Oil prices rose on Tuesday on hopes for a U.S.-China trade agreement and optimism that Washington could roll back some of the tariffs it has imposed on Chinese imports. Brent crude LCOc1 was up 61 cents, or 1%, at $62.74 a barrel by 1136 GMT. U.S. crude CLc1 rose 42 cents, or 0.7%, to $56.96. China is pushing U.S. President Donald Trump to remove more tariffs imposed in September as part of a so-called Phase 1 deal, which would help to ease the broad economic damage inflicted by the trade dispute between the world’s two biggest oil consumers.
“If some of the existing tariffs were to be dismantled, that should restore some measure of global demand for oil as economic and trade conditions recover,” said Han Tan, market analyst at FXTM. OPEC Secretary-General Mohammad Barkindo said the oil market outlook for 2020 may be brighter than previously forecast, appearing to downplay any need for deeper production cuts. “Based on the preliminary numbers, 2020 looks like it will have upside potential,” Barkindo told a briefing. The Organization of the Petroleum Exporting Countries (OPEC) also said it would supply a diminishing amount of oil in the next five years as output increases from U.S. shale deposits and elsewhere.

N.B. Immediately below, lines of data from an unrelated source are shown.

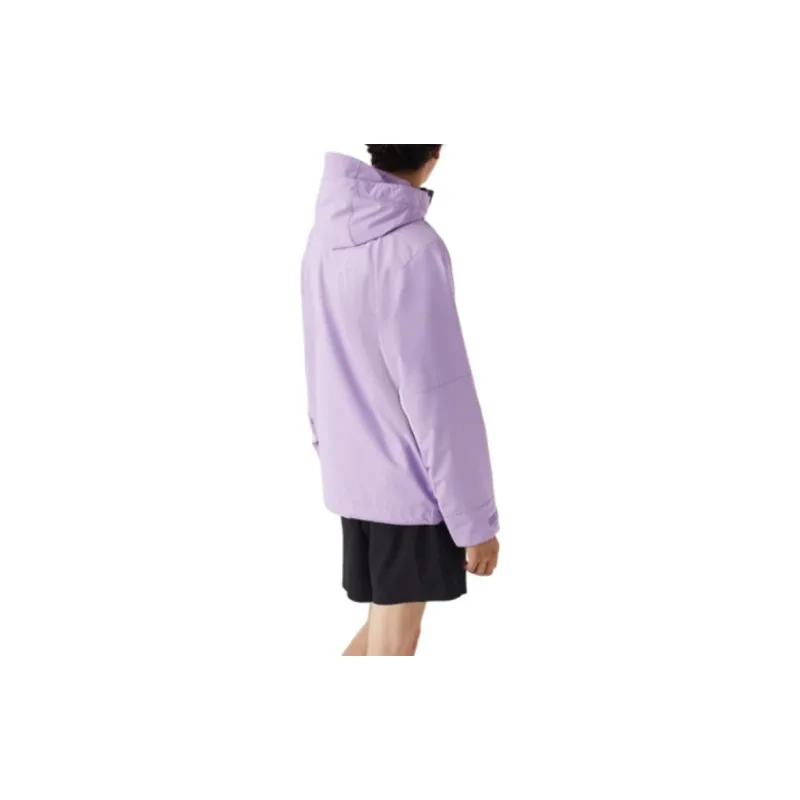 LACOSTE Jackets & Coats Men's Purple-3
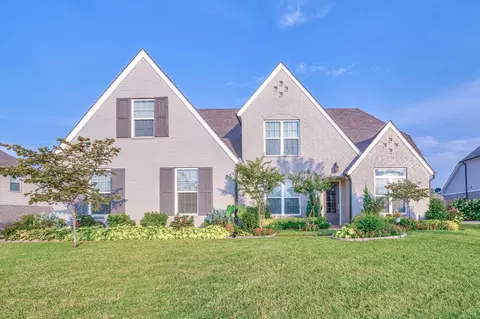 4274 John Joseph Dr, Olive Branch, MS 38654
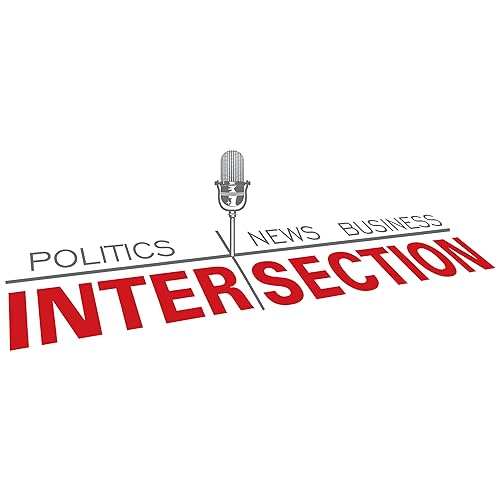 90.7 WMFE's Intersection cover art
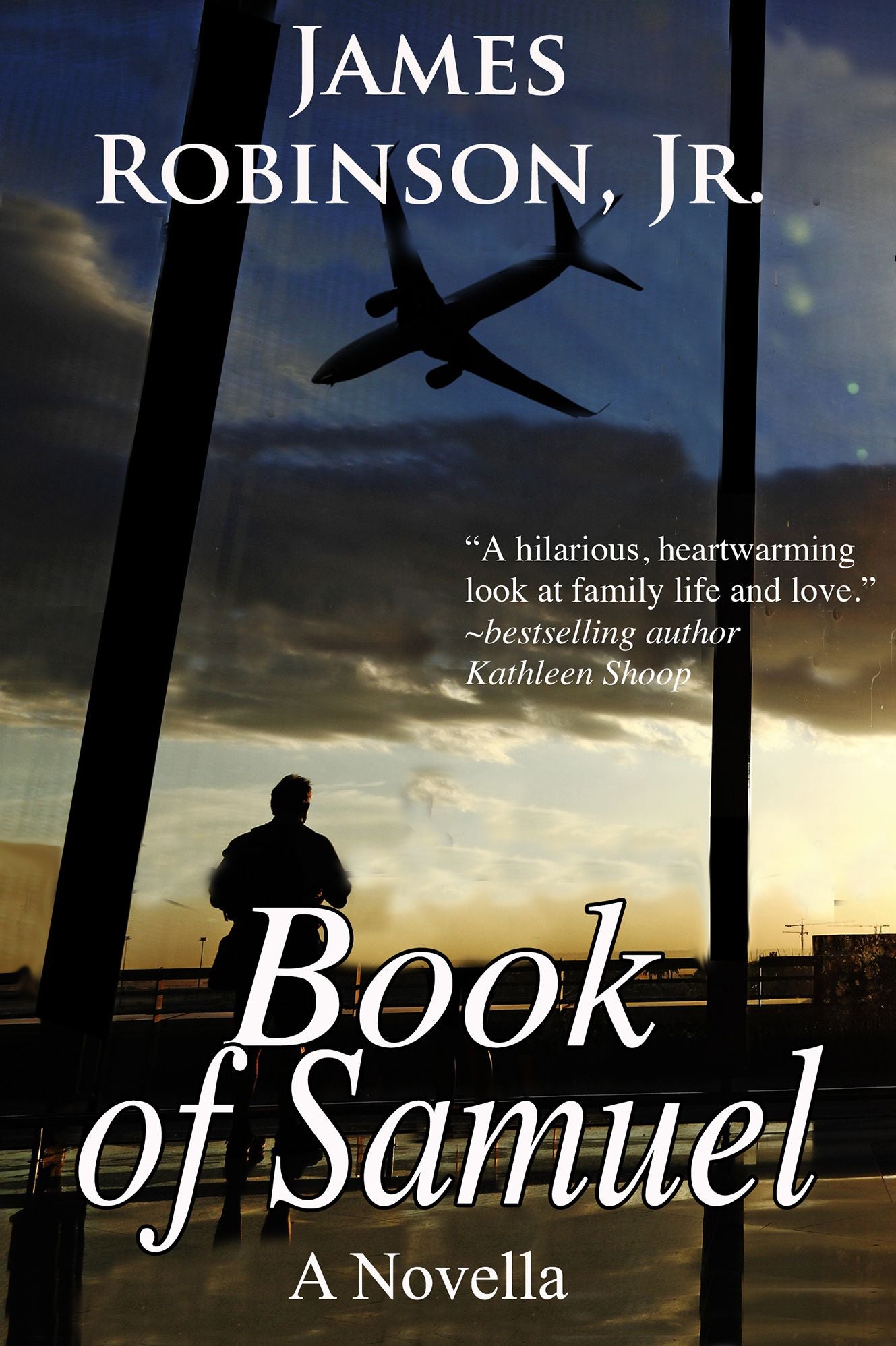 Book of Samuel (The Johnson Family Chronicles)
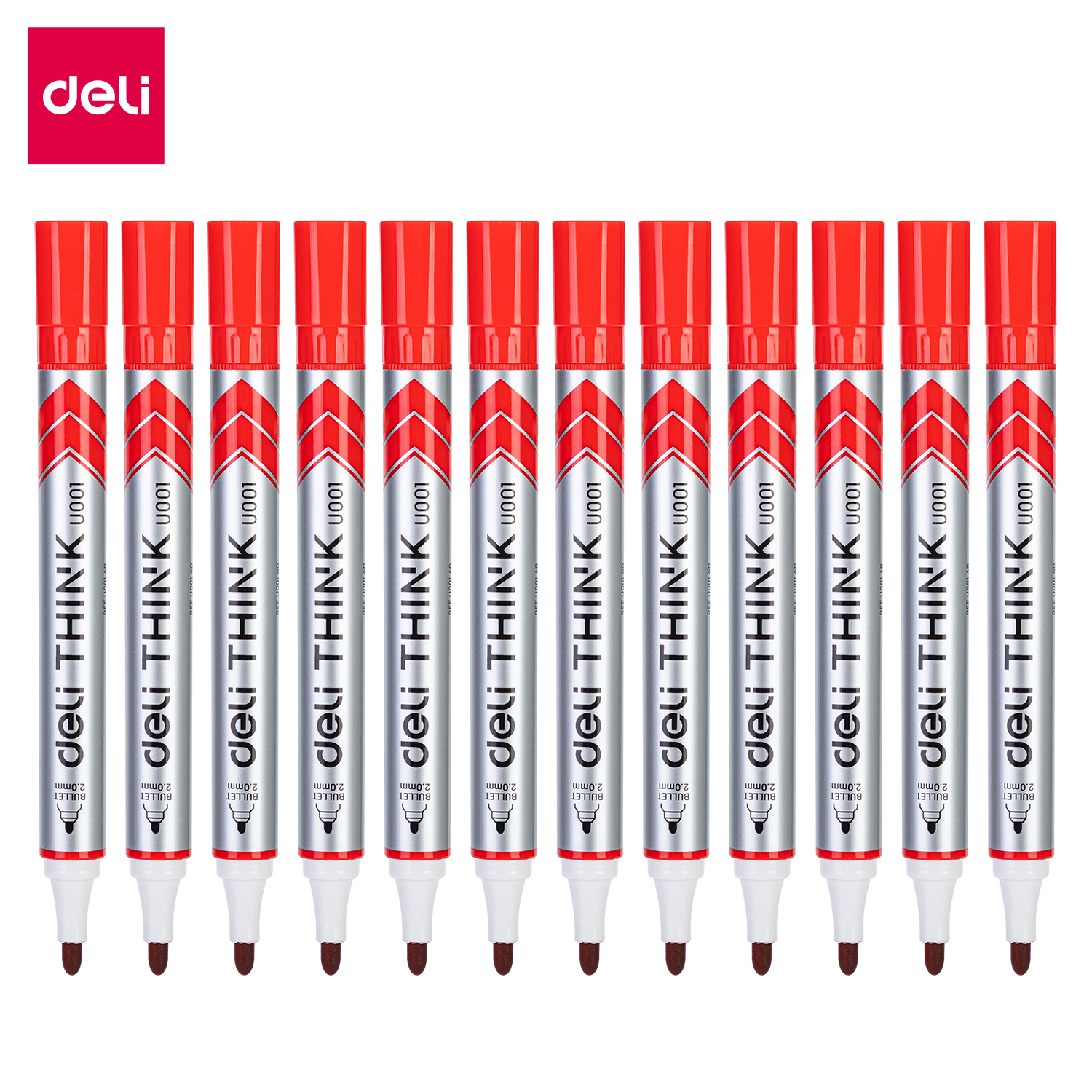 Deli-EU00140 Whiteboard Marker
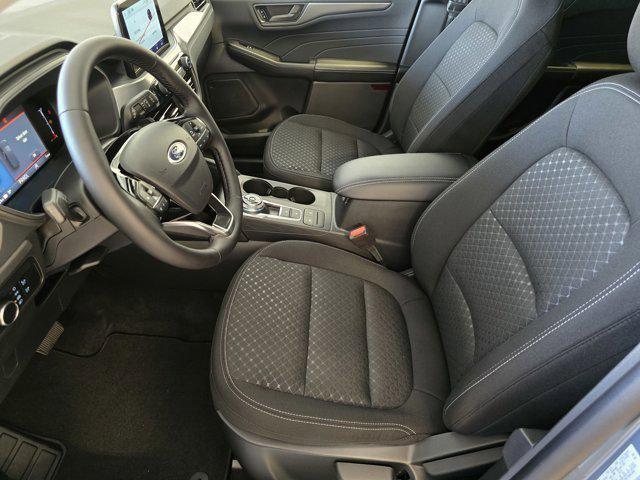 new 2025 Ford Escape car, priced at $30,320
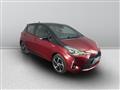 TOYOTA YARIS 15H ECVT 5P TREND MY18+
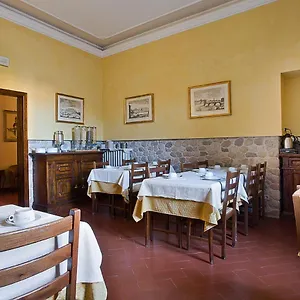 Alojamento de Acomodação e Pequeno-almoço Residenza Alessandra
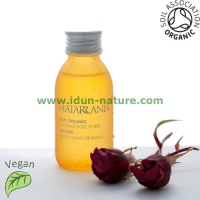 T�nico suave de Rosas 100% Bio MATARRANIA
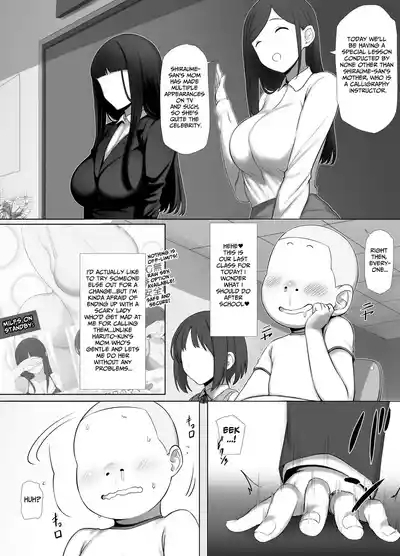 Tomo Mama DeliHeal Appli de Okkanai Kyouiku Mama mo H na Nikubenki ni Shichao | Let's Use the MILF Call Girl App......to Turn This Scary Instructor into a Dirty Slut! 7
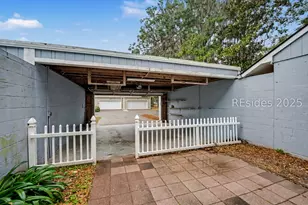 900 Brotherhood Rd, Beaufort, SC 29902 - Photo 5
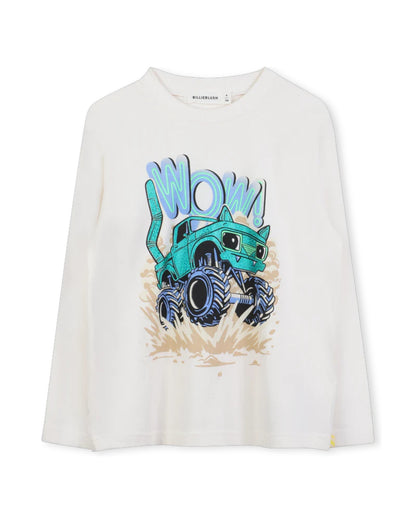 Long Sleeve T-Shirt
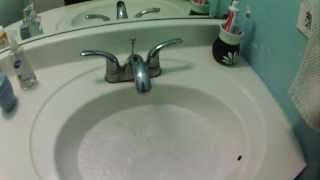 Call of Duty Ghosts 1080p Tactical Camera Underwater Test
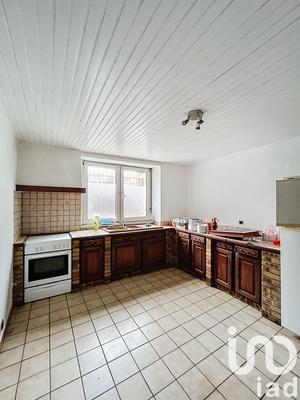 Immeuble - 257 m²
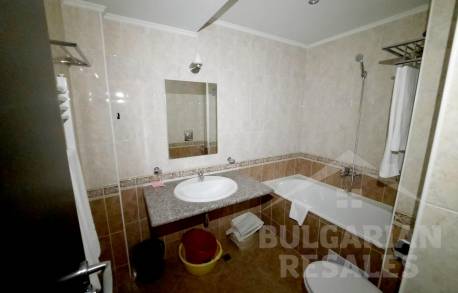 Закупете апартамент в луксозния комплекс Сънсет Ризорт - Снимка 12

OPEC’s production of crude oil and other liquids is expected to decline to 32.8 million barrels per day (bpd) by 2024, the group said in its 2019 World Oil Outlook. Investors are also awaiting U.S. inventory data due later on Tuesday. U.S. crude oil inventories were forecast to have risen last week, while refined products stocks are likely to have declined, a preliminary Reuters poll showed on Monday.